[EXERCISE GOAL] Repeat the lines from the one containing "2017 Chevrolet Colorado LT" through the last line of the data, exactly, pictures omitted.
━━━━━━━━
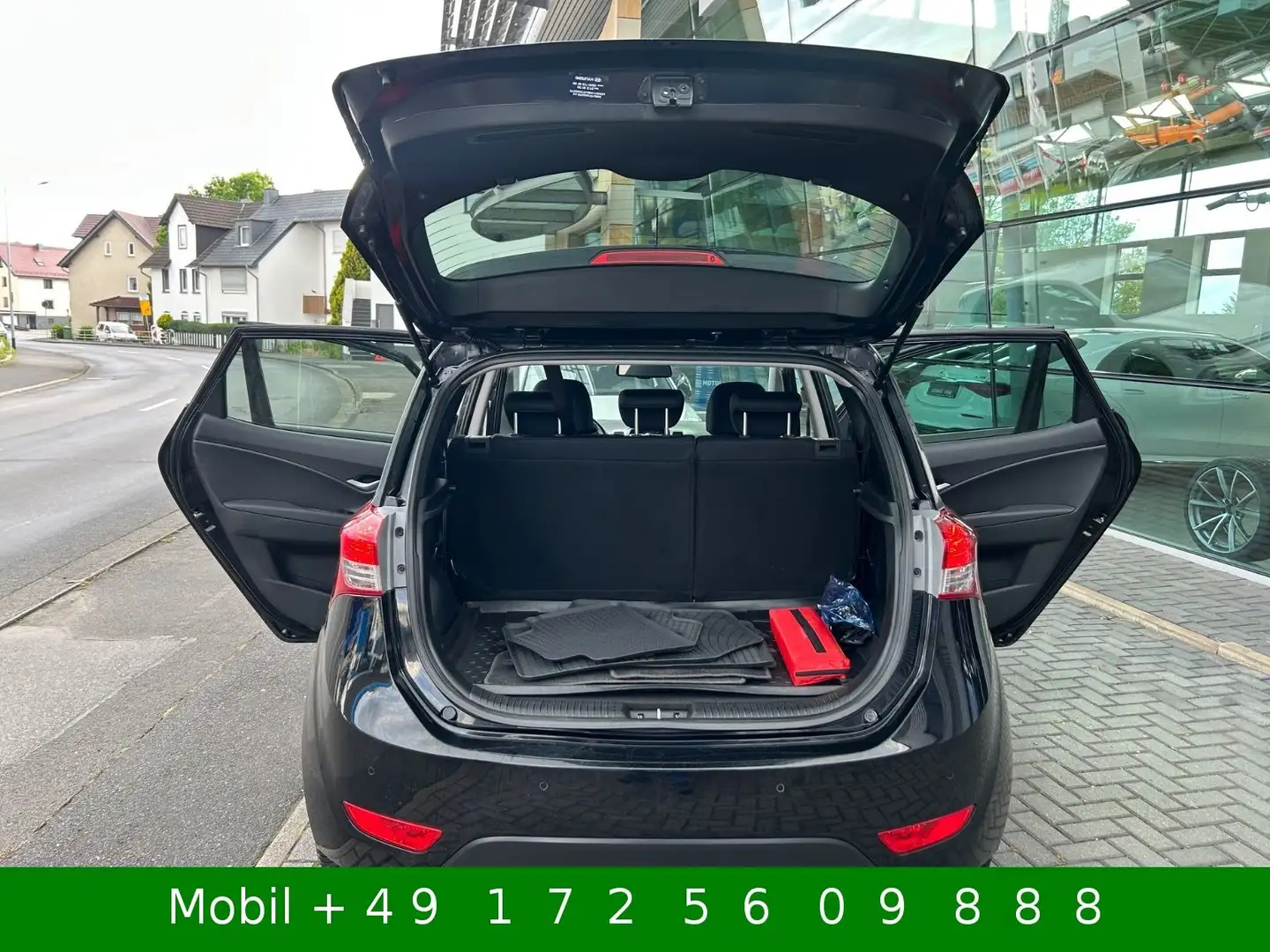 Hyundai iX20 Comfort Automatik Klimaa. M+S Sitzh. 1.Hd Fekete - 2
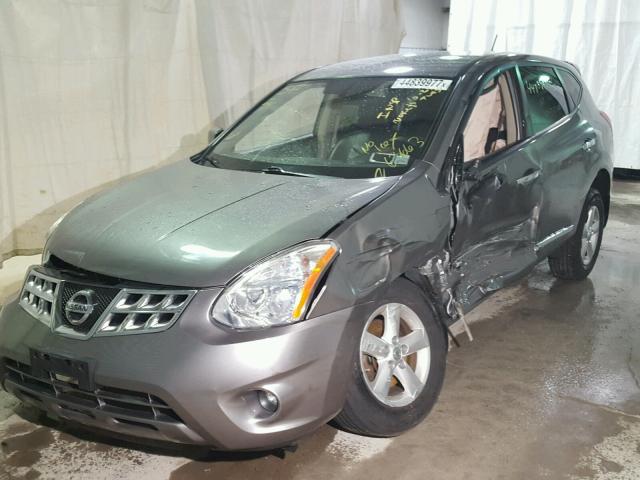 JN8AS5MV2DW150832 - 2013 NISSAN ROGUE S GRAY photo 2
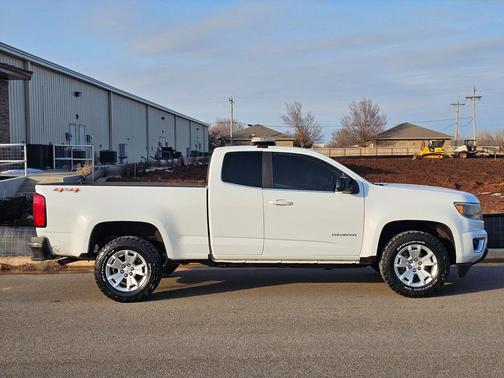 2017 Chevrolet Colorado LT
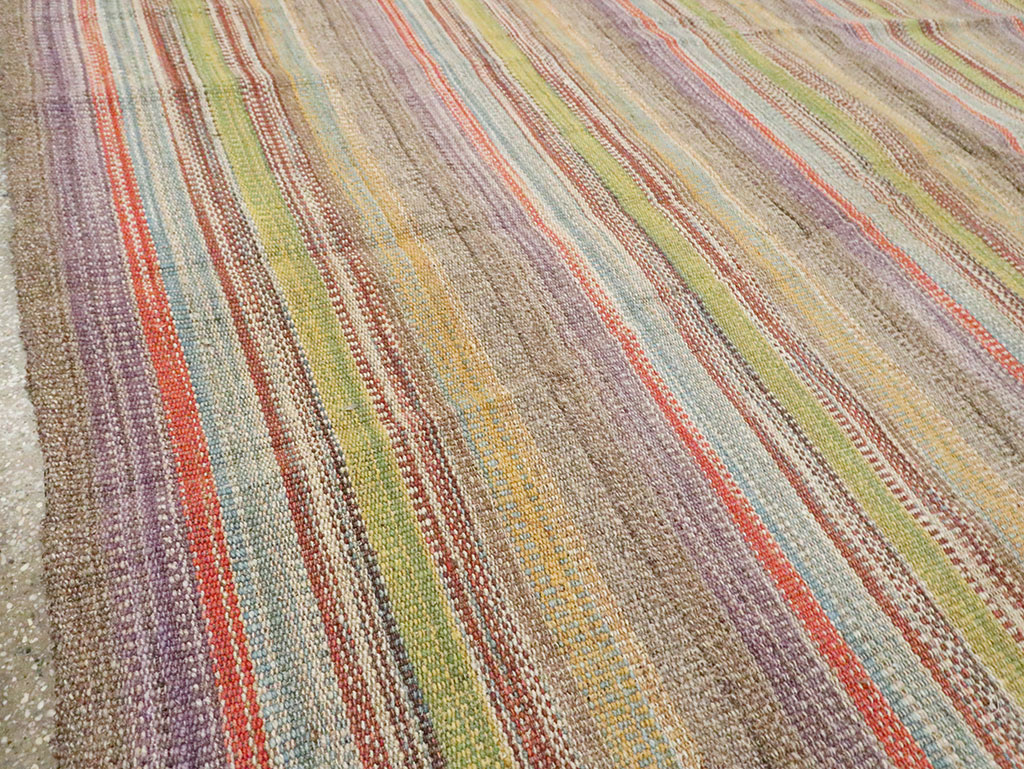 Modern Turkish Flatweave Kilim Room Size Carpet, No.30450 - Galerie Shabab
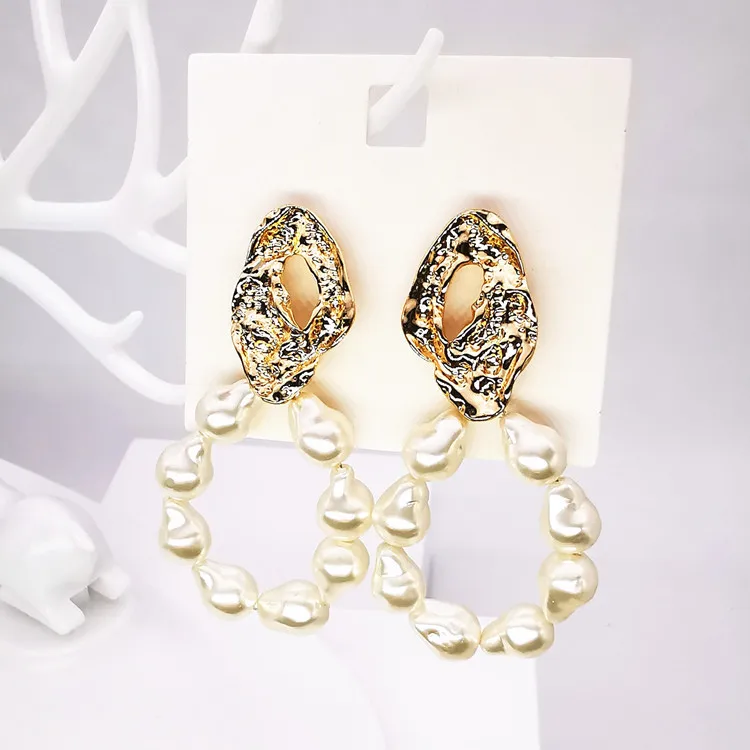 

2020 Fashion Hot Sell Irregular Freshwater Pearl Drop Earrings Geometric Metal Statement Dangle Earring Brincos for women bijoux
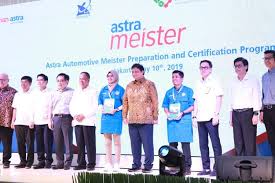 Pendaftaran beasiswa jis bhinneka tunggal ika 2021/2022. Groundbreaking Politeknik Astra Target Serap 2 000 Mahasiswa Halaman All Kompas Com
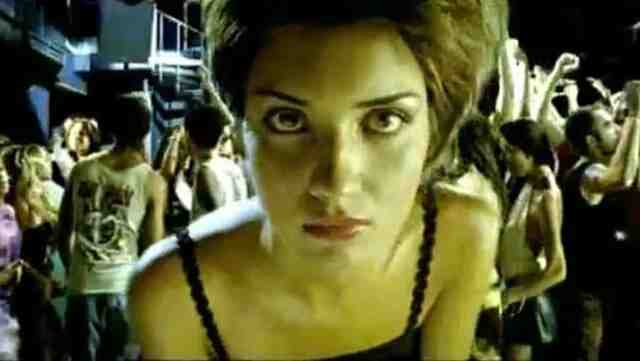 Tuba Büyüküstün, Kenan Doğulu’nun klibinde rol almış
━━━━━━━━
[RESULT FOR THIS EXERCISE]
 2017 Chevrolet Colorado LT
 Modern Turkish Flatweave Kilim Room Size Carpet, No.30450 - Galerie Shabab

2020 Fashion Hot Sell Irregular Freshwater Pearl Drop Earrings Geometric Metal Statement Dangle Earring Brincos for women bijoux
 Pendaftaran beasiswa jis bhinneka tunggal ika 2021/2022. Groundbreaking Politeknik Astra Target Serap 2 000 Mahasiswa Halaman All Kompas Com
 Tuba Büyüküstün, Kenan Doğulu’nun klibinde rol almış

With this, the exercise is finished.